_ACTIVITY_. Could you print every line from the first one of the records below through the line containing "maafushivaru - maldives", with both included and nothing else?

_GIVEN RECORDS_.
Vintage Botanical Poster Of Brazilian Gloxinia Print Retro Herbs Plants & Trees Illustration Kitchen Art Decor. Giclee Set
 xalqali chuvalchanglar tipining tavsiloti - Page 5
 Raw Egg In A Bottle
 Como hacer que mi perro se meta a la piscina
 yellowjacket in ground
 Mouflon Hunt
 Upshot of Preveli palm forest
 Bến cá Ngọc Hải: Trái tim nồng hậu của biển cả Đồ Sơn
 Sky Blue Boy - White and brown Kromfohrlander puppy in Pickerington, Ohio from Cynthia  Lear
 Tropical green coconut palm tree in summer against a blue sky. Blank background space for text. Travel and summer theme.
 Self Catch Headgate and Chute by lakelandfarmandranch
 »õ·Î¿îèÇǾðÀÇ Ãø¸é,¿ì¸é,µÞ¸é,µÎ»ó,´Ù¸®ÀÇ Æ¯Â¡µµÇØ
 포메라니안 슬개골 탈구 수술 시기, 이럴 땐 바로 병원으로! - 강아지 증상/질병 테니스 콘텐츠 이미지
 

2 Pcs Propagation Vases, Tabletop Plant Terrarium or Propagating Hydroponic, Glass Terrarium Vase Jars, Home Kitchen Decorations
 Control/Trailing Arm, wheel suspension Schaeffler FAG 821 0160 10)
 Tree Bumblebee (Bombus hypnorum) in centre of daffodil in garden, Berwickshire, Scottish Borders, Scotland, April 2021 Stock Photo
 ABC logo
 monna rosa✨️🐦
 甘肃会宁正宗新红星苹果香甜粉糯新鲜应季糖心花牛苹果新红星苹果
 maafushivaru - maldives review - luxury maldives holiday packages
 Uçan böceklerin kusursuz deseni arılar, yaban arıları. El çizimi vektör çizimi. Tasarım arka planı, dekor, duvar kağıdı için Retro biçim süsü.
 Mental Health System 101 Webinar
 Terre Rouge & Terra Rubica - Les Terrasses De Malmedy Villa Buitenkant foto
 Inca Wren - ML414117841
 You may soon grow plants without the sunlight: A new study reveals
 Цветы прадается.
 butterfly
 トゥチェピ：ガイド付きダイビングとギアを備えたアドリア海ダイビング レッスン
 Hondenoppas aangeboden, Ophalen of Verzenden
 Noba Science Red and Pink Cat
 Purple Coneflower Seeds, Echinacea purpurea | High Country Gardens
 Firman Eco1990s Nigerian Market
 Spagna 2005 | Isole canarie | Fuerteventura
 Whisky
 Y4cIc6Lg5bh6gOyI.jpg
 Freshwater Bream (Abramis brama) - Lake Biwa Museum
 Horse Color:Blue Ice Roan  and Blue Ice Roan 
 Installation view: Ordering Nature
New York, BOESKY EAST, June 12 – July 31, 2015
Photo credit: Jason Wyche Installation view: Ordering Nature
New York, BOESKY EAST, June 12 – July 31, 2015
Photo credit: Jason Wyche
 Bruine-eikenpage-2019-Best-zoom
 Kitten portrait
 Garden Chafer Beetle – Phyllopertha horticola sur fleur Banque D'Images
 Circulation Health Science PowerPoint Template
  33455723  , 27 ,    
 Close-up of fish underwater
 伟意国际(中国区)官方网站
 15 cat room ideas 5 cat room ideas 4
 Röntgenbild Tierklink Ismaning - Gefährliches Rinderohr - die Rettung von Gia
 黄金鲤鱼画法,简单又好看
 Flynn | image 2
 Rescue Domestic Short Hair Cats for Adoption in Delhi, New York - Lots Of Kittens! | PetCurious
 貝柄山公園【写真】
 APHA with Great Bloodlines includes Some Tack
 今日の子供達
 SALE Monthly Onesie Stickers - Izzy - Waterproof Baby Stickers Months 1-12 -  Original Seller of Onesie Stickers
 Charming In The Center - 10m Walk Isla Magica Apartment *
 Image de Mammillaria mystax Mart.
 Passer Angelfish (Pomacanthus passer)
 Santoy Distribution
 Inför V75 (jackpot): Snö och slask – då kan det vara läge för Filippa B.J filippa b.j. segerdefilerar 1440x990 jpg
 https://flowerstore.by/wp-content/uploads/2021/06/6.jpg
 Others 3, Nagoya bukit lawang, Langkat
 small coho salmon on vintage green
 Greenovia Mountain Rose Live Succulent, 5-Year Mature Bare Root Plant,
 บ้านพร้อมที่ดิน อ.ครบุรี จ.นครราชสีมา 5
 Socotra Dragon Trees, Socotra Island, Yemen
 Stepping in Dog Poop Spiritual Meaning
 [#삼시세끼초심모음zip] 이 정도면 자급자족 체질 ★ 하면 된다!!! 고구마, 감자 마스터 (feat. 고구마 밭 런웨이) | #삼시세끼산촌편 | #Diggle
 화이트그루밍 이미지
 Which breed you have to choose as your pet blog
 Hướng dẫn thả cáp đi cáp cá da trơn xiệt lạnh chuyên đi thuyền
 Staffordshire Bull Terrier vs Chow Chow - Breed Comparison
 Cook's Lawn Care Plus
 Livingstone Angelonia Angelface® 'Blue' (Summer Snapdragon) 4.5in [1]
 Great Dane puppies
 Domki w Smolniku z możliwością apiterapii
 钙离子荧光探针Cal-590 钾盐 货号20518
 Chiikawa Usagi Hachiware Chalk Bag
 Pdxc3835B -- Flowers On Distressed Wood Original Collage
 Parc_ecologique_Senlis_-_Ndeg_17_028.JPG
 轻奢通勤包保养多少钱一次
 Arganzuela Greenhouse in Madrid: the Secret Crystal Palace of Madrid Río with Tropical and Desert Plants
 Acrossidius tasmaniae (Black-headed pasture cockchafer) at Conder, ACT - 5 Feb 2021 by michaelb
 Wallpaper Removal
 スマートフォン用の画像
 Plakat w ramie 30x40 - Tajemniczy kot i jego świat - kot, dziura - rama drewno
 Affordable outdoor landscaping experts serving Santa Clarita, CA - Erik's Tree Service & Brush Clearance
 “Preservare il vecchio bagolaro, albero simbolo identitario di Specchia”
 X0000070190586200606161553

_YOUR RESPONSE_.
Vintage Botanical Poster Of Brazilian Gloxinia Print Retro Herbs Plants & Trees Illustration Kitchen Art Decor. Giclee Set
 xalqali chuvalchanglar tipining tavsiloti - Page 5
 Raw Egg In A Bottle
 Como hacer que mi perro se meta a la piscina
 yellowjacket in ground
 Mouflon Hunt
 Upshot of Preveli palm forest
 Bến cá Ngọc Hải: Trái tim nồng hậu của biển cả Đồ Sơn
 Sky Blue Boy - White and brown Kromfohrlander puppy in Pickerington, Ohio from Cynthia  Lear
 Tropical green coconut palm tree in summer against a blue sky. Blank background space for text. Travel and summer theme.
 Self Catch Headgate and Chute by lakelandfarmandranch
 »õ·Î¿îèÇǾðÀÇ Ãø¸é,¿ì¸é,µÞ¸é,µÎ»ó,´Ù¸®ÀÇ Æ¯Â¡µµÇØ
 포메라니안 슬개골 탈구 수술 시기, 이럴 땐 바로 병원으로! - 강아지 증상/질병 테니스 콘텐츠 이미지
 

2 Pcs Propagation Vases, Tabletop Plant Terrarium or Propagating Hydroponic, Glass Terrarium Vase Jars, Home Kitchen Decorations
 Control/Trailing Arm, wheel suspension Schaeffler FAG 821 0160 10)
 Tree Bumblebee (Bombus hypnorum) in centre of daffodil in garden, Berwickshire, Scottish Borders, Scotland, April 2021 Stock Photo
 ABC logo
 monna rosa✨️🐦
 甘肃会宁正宗新红星苹果香甜粉糯新鲜应季糖心花牛苹果新红星苹果
 maafushivaru - maldives review - luxury maldives holiday packages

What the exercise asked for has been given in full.